When you reference a variable, use the syntax @<variable name>. The at sign (@) notifies dsTest that it is dealing with a variable rather than a text value.

The most common variable usage is setting subscriber count and then using that variable to set the values that should adjust relative to the number of subscribers. In this case it's usually best to define the variable as part of your test configuration. If you want to change the variable's value and run the test again you can use a command to change the value as shown below.


Assume you are testing a DRA that routes Gx transactions between your PCEF node and your PCRF node, and that you'd like to run this test with increasing loads to find the DRA's breaking point. Your test has a SmartEvents state machine that will keep each subscriber's session alive for 30 seconds as it generates approximately 0.5 TPS. The action that launches SmartEvents will run until you stop it and it will keep all subscribers active for the duration of the test - as their sessions end they'll initialize new sessions.

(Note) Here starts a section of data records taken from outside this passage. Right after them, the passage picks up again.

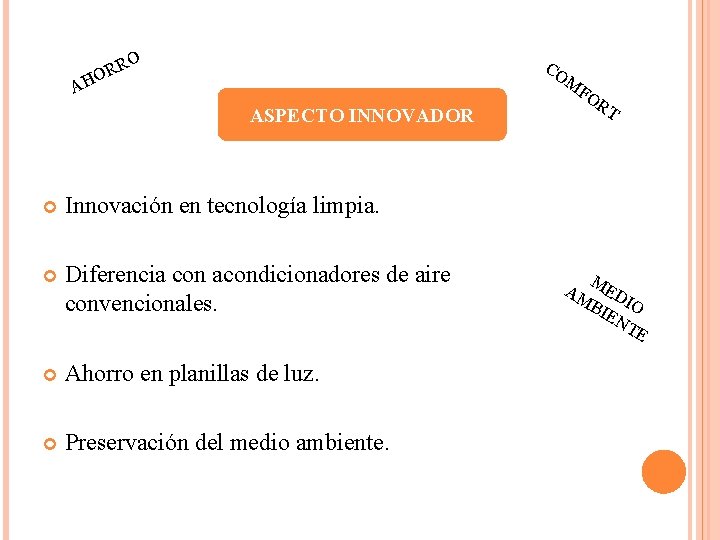 O CO RR O AH M ASPECTO INNOVADOR Innovación en tecnología limpia. Diferencia con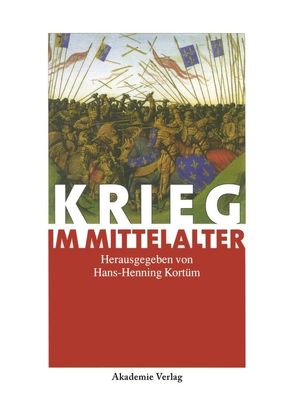 Krieg im Mittelalter von Kortüm,  Hans-Henning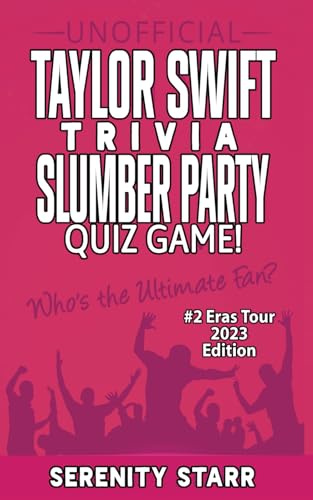 Unofficial Taylor Swift Trivia Slumber Party Quiz Game #2: Eras Tour Edition 2023 (Celebrity Trivia Quizzes)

First, we determine the variables required:

1.subCount will store the initial number of subscribers.

2.averageTPS will be calculated as subCount divided by 2 and will represent the target TPS for the test.

3.pcefCount will store the number of PCEF nodes.

We'll use these variables to size the subscriber database, set the Gx transaction count and expected TPS on our nodes, and set the number of PCEF nodes used in the test. The variables will be configured with overwrite set to false which will allow us to run the test, use commands to change subCount and/or pcefCount, and then load the test again while preserving the values we modified.

The pertinent portions of the test configuration:



        <variable name="subCount" overwrite="false">10000</variable>

        <variable name="averageTPS" overwrite="false">@subCount / 2</variable>

        <variable name="pcefCount" overwrite="false">1</variable>



        <spr name="spr_1">

            <subscriber_database count="@subCount" name="spr_subs">




              <subscriber_group percentage="50" name="bronze_subs">


              <subscriber_group percentage="50" name="gold_subs">





        <pcef name="pcef_1" count="@pcefCount">


          <gx count="@subCount / @pcefCount" tps="@averageTPS / @pcefCount">




          <subscriber_database name="spr_subs"/>


        <pcrf name="pcrf_1">


          <gx count="@subCount" tps="@averageTPS">




          <subscriber_database name="spr_subs"/>




Note that the Gx transaction count (10,000) and expected TPS (5,000) on the PCEF are configured to divide by pcefCount as subscribers will be spread among those nodes when we increase pcefCount, but the PCRF will be serving all subscribers. Also note that we're using the percentage method to size our subscriber groups and that will enable the group size to adjust when we change subCount.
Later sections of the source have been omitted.